#### Instructions to follow
Write the records out again without change. Leave the pictures behind.

#### Record set
BEGIN

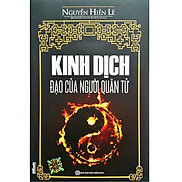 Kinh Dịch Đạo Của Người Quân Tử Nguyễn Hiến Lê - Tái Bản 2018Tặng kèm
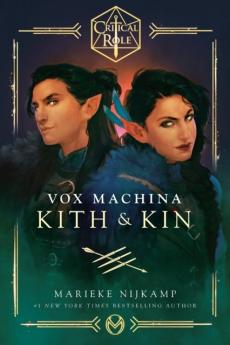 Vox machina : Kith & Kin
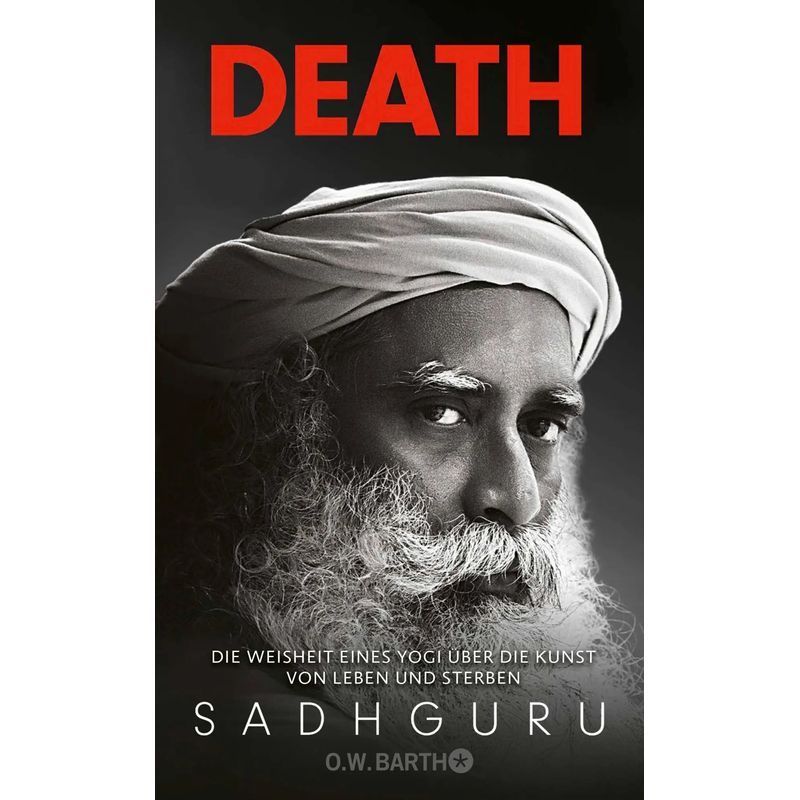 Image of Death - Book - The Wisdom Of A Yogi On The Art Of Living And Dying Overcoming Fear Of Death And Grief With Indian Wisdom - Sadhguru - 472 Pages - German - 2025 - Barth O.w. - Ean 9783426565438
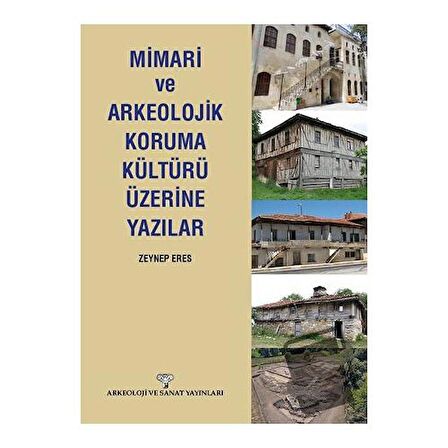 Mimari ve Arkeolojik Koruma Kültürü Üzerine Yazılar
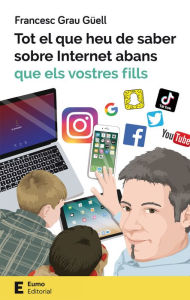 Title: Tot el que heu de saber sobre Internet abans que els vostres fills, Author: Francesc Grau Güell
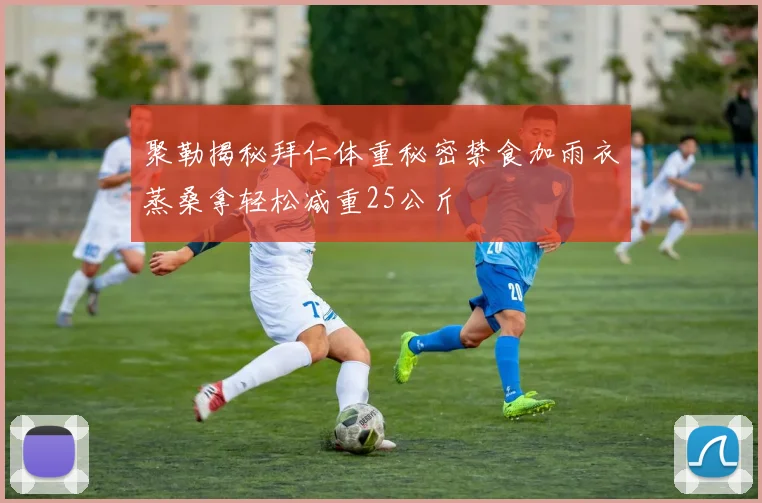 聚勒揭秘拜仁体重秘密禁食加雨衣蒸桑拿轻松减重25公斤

END

#### Output below
 Kinh Dịch Đạo Của Người Quân Tử Nguyễn Hiến Lê - Tái Bản 2018Tặng kèm
 Vox machina : Kith & Kin
 Image of Death - Book - The Wisdom Of A Yogi On The Art Of Living And Dying Overcoming Fear Of Death And Grief With Indian Wisdom - Sadhguru - 472 Pages - German - 2025 - Barth O.w. - Ean 9783426565438
 Mimari ve Arkeolojik Koruma Kültürü Üzerine Yazılar
 Title: Tot el que heu de saber sobre Internet abans que els vostres fills, Author: Francesc Grau Güell
 聚勒揭秘拜仁体重秘密禁食加雨衣蒸桑拿轻松减重25公斤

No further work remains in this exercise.